The little man took the leaves, examined them, smelt them, and shook his head gravely. “Something to do with medicine, I suppose,” he remarked, returning the packet with a smile.
The traveller put away the leaves carefully after the rest of the party had looked at them. “Do you remember that root we found together near Cuzco—the root which the mountain and forest Indians used in their sacred ceremonies to part soul from body?”
“Yes,” replied Borrin after a pause, “but I have put what roots I had away, and quite forgot about them until you spoke now.”
“What root is this?” inquired Mrs Venery severely.
“That of a certain plant known to the Indians who are the descendants of the Inca Indians,” said Minister quietly. “They pressed it and boiled it and extracted a kind of juice in which they steeped arrowheads and sharp flints. The arrow-heads they used in war to kill people, but the flints thus tainted were used during sacred ceremonies to scratch chosen people, who then were paralysed—”
“Paralysed,” cried Edwin startled, “and what had that to do with any sacred ceremony, doctor?”
“When paralysed,” explained Minister gravely, “the soul of the person went into the unseen world, and returned with information for the priests.”
“What rubbish,” muttered Edgar contemptuously.

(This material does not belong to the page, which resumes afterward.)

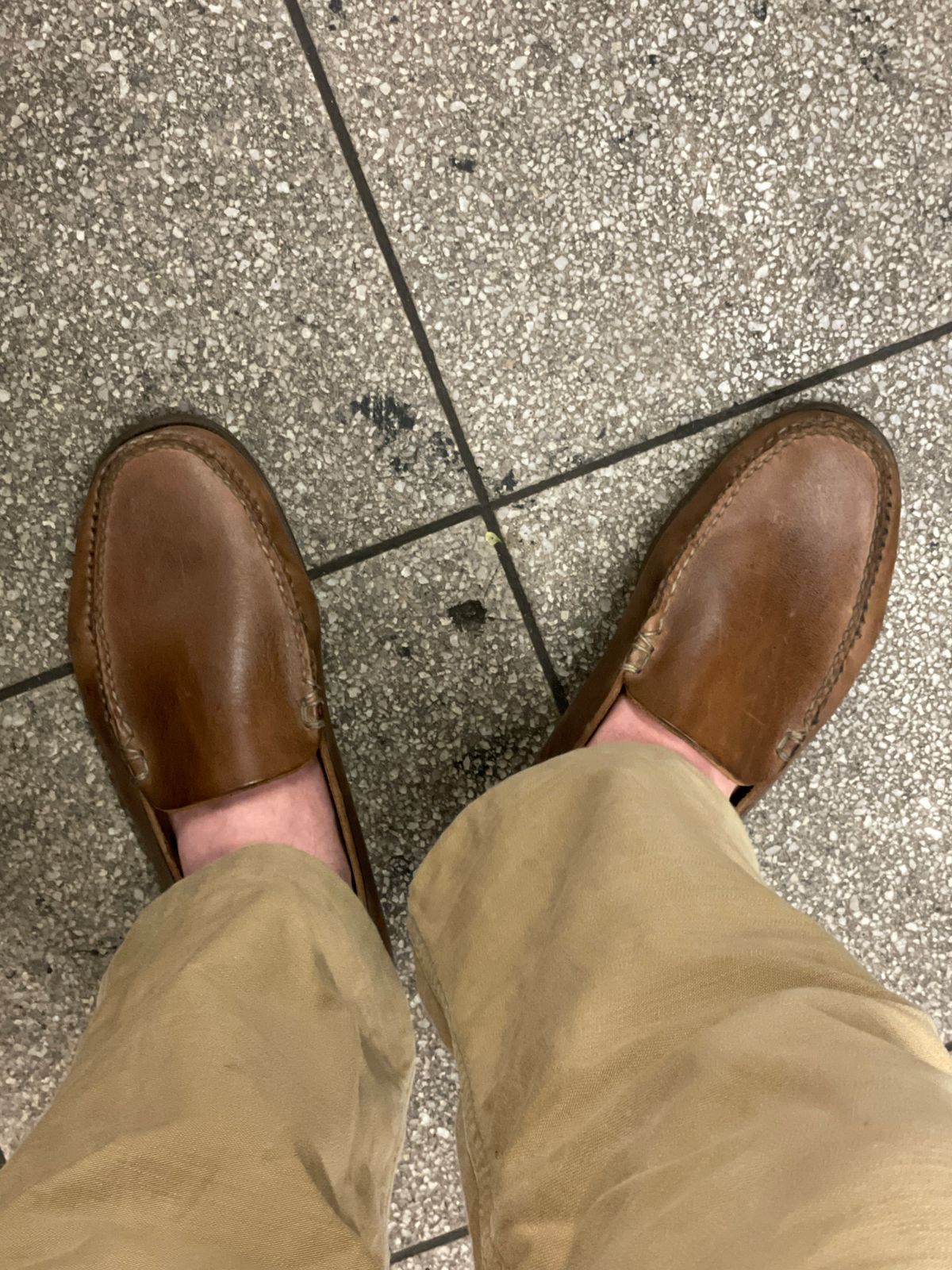 Photo by RemyTwotimes on July 29, 2023 of the Oak Street Bootmakers Slip Moc in Horween Natural Chromexcel.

“There was less rubbish and more wisdom in the knowledge of these elderly races than you think, young man,” retorted Minister bending his bushy brows. “Several times I saw the ceremony and witnessed the fact that the soul by this process could be separated from the body. Josiah saw that also. Do you remember, Josiah, how one of the Indians thus paralysed went to England to describe your parents’ home?”
“Well, yes,” admitted Borrin reluctantly, “but that might have been a kind of telepathy. However, I know that the juice of the root produces death when used largely and paralyses when administered in small quantities. But the leaves, Theo, what have they to do with what you are talking about?”

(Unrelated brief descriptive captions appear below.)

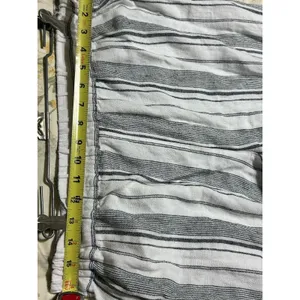 Per Se White And Black Striped Linen Crop Wide Leg Pants Women M Breezy Classic thumbnail 7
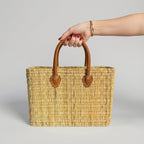 Rectangular Straw Market Bag with Leather Handles - Woven Beach Tote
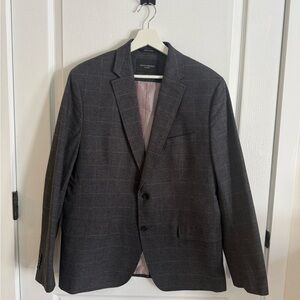Banana Republic Men's Charcoal Windowpane Blazer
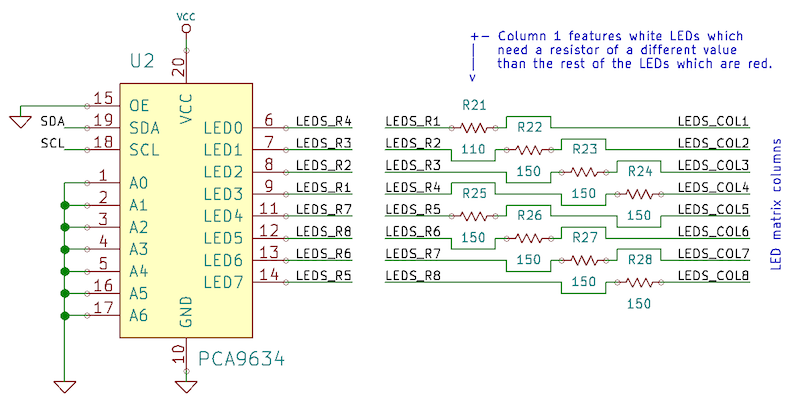 Two integrated circuits drive the LED matrix on the Ultimate Hacker Keyboard.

Minister shrugged his broad shoulders and smiled pityingly. “Your brains are growing mouldy in this place, Josiah. There was only one antidote to the poison of the root, and the Indian priests refused to reveal from what plant it could be taken. This is the plant—I mean these are the leaves of the plant—which when boiled and pressed in the same way as the root revive the person paralysed.”
“Not the person who is dead?” said Mrs Venery curiously.
“No. Only the paralysed person could be revived. So you, Josiah, have the root which paralyses, and I have the leaves which revive.”
“What is the use of either? “asked Borrin with a shrug.
Minister rose to take his leave. “One never knows. I only mentioned this to satisfy your curiosity, Josiah, as formerly you were so curious about the matter of the separation of soul from body.”
“Oh, I have forgotten all such unprofitable things,” smiled Borrin. “It is better to be charitable and helpful than to possess vain knowledge. Don’t go yet.”
“I must,” said Minister resolutely. “Mrs Heasy locks up at ten, and as I intend to stay at the Harper Inn I must keep in her good graces.”
Everyone laughed and approved, so Dr Minister departed very pleased with his successful visit.